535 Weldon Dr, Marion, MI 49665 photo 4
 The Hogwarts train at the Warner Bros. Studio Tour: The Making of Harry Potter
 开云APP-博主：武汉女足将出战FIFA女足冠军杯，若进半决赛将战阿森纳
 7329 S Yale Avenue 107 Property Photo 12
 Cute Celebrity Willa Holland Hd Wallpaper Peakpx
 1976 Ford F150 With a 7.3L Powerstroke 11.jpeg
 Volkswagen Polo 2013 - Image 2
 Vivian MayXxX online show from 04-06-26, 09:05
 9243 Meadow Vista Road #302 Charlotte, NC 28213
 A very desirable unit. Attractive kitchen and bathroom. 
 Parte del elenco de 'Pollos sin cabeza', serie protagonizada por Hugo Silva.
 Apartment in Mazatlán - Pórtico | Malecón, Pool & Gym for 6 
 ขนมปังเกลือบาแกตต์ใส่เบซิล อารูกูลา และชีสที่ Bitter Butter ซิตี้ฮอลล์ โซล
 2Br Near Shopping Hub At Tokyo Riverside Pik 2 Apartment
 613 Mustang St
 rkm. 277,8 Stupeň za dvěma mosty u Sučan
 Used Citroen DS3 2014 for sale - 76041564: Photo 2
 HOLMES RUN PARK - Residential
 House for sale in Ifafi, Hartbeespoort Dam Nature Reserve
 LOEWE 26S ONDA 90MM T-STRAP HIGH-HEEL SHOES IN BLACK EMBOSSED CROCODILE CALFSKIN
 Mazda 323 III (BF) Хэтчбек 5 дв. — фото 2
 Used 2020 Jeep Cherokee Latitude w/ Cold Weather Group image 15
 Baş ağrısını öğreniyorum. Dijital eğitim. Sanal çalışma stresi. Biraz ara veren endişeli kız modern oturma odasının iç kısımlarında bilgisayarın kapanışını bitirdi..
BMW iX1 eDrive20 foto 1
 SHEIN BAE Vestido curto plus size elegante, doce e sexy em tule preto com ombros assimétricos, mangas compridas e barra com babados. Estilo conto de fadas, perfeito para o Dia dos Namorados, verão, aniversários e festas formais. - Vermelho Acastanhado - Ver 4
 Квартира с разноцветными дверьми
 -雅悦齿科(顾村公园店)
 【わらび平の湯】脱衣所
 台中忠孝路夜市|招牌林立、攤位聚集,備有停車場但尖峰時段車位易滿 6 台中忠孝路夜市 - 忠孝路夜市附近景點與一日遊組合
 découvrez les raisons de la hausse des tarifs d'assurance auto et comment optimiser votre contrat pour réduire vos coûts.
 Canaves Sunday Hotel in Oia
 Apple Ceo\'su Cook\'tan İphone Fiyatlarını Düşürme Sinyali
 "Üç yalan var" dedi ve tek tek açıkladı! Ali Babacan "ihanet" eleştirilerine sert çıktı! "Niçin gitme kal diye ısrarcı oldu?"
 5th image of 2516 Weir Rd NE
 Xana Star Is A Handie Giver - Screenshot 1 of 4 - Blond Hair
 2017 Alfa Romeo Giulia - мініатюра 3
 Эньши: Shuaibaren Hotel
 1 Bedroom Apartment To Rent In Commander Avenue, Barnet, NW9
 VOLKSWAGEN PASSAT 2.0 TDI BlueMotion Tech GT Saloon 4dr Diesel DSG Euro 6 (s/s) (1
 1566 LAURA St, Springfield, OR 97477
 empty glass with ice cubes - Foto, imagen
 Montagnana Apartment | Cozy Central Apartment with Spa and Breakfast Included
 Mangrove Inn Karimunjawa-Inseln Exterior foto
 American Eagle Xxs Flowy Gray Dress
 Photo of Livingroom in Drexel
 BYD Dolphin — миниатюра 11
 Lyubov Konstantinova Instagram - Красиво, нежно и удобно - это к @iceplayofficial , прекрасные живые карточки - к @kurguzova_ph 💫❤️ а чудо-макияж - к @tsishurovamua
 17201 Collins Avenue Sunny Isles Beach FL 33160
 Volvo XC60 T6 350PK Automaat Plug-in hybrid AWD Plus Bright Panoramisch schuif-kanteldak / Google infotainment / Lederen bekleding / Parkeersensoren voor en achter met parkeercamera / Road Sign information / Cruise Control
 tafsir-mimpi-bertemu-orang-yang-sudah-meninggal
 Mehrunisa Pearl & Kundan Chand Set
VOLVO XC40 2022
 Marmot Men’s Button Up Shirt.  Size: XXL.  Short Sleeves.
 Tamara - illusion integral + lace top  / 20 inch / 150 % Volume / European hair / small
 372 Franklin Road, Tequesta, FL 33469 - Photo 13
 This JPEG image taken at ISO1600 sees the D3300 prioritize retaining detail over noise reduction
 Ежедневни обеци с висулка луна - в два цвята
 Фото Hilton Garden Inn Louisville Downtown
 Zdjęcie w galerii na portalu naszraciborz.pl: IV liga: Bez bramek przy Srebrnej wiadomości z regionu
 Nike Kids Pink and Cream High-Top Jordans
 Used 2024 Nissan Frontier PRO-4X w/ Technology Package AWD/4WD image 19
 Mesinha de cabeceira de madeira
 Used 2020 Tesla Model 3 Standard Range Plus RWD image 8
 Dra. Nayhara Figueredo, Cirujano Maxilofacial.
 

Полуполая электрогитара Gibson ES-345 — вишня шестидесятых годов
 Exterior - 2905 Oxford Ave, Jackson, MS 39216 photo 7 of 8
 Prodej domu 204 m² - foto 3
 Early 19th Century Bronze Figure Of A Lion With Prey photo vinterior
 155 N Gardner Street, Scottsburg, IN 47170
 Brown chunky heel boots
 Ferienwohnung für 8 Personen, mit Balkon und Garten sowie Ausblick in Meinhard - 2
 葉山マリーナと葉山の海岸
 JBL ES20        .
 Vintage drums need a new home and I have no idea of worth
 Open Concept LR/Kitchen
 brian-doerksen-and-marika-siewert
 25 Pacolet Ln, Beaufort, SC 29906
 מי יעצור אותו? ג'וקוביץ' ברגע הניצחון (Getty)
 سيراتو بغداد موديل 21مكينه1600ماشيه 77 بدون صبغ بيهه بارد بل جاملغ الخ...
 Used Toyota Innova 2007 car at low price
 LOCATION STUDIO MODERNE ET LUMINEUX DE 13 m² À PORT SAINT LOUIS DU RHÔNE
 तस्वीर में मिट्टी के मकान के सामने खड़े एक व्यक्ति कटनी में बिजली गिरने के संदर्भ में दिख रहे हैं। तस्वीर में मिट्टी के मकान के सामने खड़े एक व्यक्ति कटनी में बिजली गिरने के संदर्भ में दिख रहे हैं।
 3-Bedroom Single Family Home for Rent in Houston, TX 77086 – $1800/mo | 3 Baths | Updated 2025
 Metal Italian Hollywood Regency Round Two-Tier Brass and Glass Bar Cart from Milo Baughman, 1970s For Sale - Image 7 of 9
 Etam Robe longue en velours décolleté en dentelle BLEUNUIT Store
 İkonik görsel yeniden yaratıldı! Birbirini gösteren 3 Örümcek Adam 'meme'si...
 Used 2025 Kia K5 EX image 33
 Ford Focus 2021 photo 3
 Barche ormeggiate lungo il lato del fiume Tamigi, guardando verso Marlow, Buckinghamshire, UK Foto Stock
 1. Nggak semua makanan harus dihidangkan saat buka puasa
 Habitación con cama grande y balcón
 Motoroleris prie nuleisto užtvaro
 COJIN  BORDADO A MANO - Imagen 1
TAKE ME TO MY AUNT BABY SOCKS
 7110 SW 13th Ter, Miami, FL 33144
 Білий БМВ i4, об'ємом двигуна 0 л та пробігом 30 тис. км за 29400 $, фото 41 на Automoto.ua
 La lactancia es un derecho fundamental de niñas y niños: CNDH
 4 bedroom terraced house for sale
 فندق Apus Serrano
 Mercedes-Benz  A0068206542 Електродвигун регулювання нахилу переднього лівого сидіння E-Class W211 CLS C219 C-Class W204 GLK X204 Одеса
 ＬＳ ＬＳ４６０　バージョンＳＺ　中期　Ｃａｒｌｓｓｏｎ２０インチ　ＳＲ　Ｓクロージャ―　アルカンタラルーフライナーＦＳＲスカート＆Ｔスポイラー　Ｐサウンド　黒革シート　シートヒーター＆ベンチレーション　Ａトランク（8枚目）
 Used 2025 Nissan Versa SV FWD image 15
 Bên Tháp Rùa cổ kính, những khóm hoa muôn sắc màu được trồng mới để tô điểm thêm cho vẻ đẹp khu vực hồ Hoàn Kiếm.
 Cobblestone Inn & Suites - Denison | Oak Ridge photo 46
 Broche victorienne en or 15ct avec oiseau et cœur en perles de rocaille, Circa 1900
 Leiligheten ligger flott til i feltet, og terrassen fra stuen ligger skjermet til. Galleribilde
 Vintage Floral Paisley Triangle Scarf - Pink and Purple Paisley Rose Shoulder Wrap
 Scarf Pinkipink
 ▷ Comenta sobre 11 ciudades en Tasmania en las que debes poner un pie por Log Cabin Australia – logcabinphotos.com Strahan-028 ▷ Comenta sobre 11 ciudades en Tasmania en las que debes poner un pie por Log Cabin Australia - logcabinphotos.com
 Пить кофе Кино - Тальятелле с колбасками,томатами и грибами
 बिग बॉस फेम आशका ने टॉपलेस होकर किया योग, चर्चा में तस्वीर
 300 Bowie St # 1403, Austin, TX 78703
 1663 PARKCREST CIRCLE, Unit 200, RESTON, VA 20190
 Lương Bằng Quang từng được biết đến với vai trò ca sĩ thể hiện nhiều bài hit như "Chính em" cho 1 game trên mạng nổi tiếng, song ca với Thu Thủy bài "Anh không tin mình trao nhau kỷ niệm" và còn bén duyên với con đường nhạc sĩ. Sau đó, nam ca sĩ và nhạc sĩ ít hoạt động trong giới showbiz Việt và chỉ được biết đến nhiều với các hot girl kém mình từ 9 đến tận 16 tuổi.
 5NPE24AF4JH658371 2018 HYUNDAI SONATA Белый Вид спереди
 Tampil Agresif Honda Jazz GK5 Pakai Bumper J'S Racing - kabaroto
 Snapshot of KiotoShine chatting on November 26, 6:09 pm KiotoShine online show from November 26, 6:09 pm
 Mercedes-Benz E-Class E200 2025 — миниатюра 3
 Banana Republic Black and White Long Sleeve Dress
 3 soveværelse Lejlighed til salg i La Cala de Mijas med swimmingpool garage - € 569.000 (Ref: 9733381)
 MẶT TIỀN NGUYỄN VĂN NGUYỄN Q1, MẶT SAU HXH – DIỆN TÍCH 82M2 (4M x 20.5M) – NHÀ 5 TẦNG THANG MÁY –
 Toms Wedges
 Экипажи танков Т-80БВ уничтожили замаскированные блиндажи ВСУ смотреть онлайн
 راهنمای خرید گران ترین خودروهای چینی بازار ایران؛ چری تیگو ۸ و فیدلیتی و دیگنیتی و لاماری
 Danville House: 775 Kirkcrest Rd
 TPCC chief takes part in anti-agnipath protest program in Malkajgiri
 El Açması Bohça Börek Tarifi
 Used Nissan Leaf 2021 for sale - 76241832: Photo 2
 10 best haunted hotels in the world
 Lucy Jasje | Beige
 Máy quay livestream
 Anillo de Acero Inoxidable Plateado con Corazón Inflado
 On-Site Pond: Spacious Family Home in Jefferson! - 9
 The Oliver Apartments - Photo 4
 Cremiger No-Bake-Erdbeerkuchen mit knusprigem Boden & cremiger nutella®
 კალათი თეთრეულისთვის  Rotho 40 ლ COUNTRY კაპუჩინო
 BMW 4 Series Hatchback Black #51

-=-=-

#### WHAT TO PRODUCE:
Would you set down, word for word, the lines from the opening of the entries above through the line with "Canaves Sunday Hotel in Oia", both included, and no others?

#### ANSWER TO THIS PROBLEM:
535 Weldon Dr, Marion, MI 49665 photo 4
 The Hogwarts train at the Warner Bros. Studio Tour: The Making of Harry Potter
 开云APP-博主：武汉女足将出战FIFA女足冠军杯，若进半决赛将战阿森纳
 7329 S Yale Avenue 107 Property Photo 12
 Cute Celebrity Willa Holland Hd Wallpaper Peakpx
 1976 Ford F150 With a 7.3L Powerstroke 11.jpeg
 Volkswagen Polo 2013 - Image 2
 Vivian MayXxX online show from 04-06-26, 09:05
 9243 Meadow Vista Road #302 Charlotte, NC 28213
 A very desirable unit. Attractive kitchen and bathroom. 
 Parte del elenco de 'Pollos sin cabeza', serie protagonizada por Hugo Silva.
 Apartment in Mazatlán - Pórtico | Malecón, Pool & Gym for 6 
 ขนมปังเกลือบาแกตต์ใส่เบซิล อารูกูลา และชีสที่ Bitter Butter ซิตี้ฮอลล์ โซล
 2Br Near Shopping Hub At Tokyo Riverside Pik 2 Apartment
 613 Mustang St
 rkm. 277,8 Stupeň za dvěma mosty u Sučan
 Used Citroen DS3 2014 for sale - 76041564: Photo 2
 HOLMES RUN PARK - Residential
 House for sale in Ifafi, Hartbeespoort Dam Nature Reserve
 LOEWE 26S ONDA 90MM T-STRAP HIGH-HEEL SHOES IN BLACK EMBOSSED CROCODILE CALFSKIN
 Mazda 323 III (BF) Хэтчбек 5 дв. — фото 2
 Used 2020 Jeep Cherokee Latitude w/ Cold Weather Group image 15
 Baş ağrısını öğreniyorum. Dijital eğitim. Sanal çalışma stresi. Biraz ara veren endişeli kız modern oturma odasının iç kısımlarında bilgisayarın kapanışını bitirdi..
BMW iX1 eDrive20 foto 1
 SHEIN BAE Vestido curto plus size elegante, doce e sexy em tule preto com ombros assimétricos, mangas compridas e barra com babados. Estilo conto de fadas, perfeito para o Dia dos Namorados, verão, aniversários e festas formais. - Vermelho Acastanhado - Ver 4
 Квартира с разноцветными дверьми
 -雅悦齿科(顾村公园店)
 【わらび平の湯】脱衣所
 台中忠孝路夜市|招牌林立、攤位聚集,備有停車場但尖峰時段車位易滿 6 台中忠孝路夜市 - 忠孝路夜市附近景點與一日遊組合
 découvrez les raisons de la hausse des tarifs d'assurance auto et comment optimiser votre contrat pour réduire vos coûts.
 Canaves Sunday Hotel in Oia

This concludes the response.